Training. Plain AdamW (lr=5e-5, weight_decay=0.1) full fine-tune, batch size 8, sequences capped at 512 tokens. Trained on Kaggle's free T4 (also reproducible on Colab or Azure ML — see cloud/).

Evaluation. The tricky part is that Glaive (and therefore the fine-tuned model) emits almost-JSON: {"name": "f", "arguments": '{"k": "v"}'} — the arguments object is wrapped in single quotes. The parser finds the payload span by brace-depth counting (regexes fail on nested objects), then unwraps the single-quoted arguments blob before json.loads.
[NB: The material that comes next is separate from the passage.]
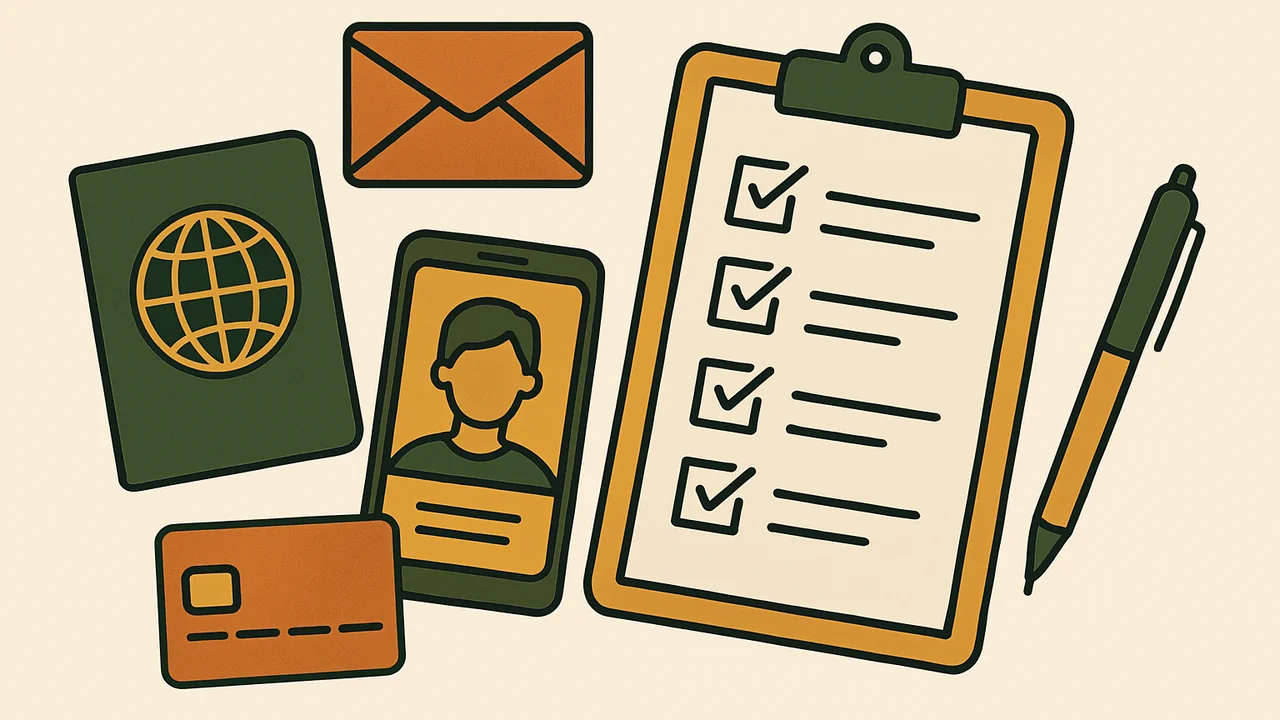 Passport, photo and checklist for a UK visitor authorization on etourist.com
On the ground-truth test split this parses 100% of function calls, vs ~4% for a naive json.loads.

Quick start

uv venv --python=python3.10 && source .venv/bin/activate
uv pip install -e ".[train,dev]"
pytest                       # 25 tests, runs in ~2s

Demo (the fine-tuned checkpoint is hosted on Hugging Face — or skip the download entirely and use the live Space):

huggingface-cli download noFFENSE/gpt2-355M-function-calling \
    gpt2-355M-function-calling.pth --local-dir checkpoints

gpt2fc-chat --checkpoint checkpoints/gpt2-355M-function-calling.pth \
    --user "What's the weather like in Almaty right now?"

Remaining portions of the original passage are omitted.